» **What needs to be done**
The answer should contain all of the data, retyped without any alteration.

:: Input material ::

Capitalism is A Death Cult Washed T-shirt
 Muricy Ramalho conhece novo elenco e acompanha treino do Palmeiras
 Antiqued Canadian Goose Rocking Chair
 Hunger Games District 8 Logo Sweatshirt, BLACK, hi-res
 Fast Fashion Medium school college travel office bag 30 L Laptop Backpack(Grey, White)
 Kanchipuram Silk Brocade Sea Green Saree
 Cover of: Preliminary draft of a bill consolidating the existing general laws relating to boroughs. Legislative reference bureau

:::

» **Answer area**
Capitalism is A Death Cult Washed T-shirt
 Muricy Ramalho conhece novo elenco e acompanha treino do Palmeiras
 Antiqued Canadian Goose Rocking Chair
 Hunger Games District 8 Logo Sweatshirt, BLACK, hi-res
 Fast Fashion Medium school college travel office bag 30 L Laptop Backpack(Grey, White)
 Kanchipuram Silk Brocade Sea Green Saree
 Cover of: Preliminary draft of a bill consolidating the existing general laws relating to boroughs. Legislative reference bureau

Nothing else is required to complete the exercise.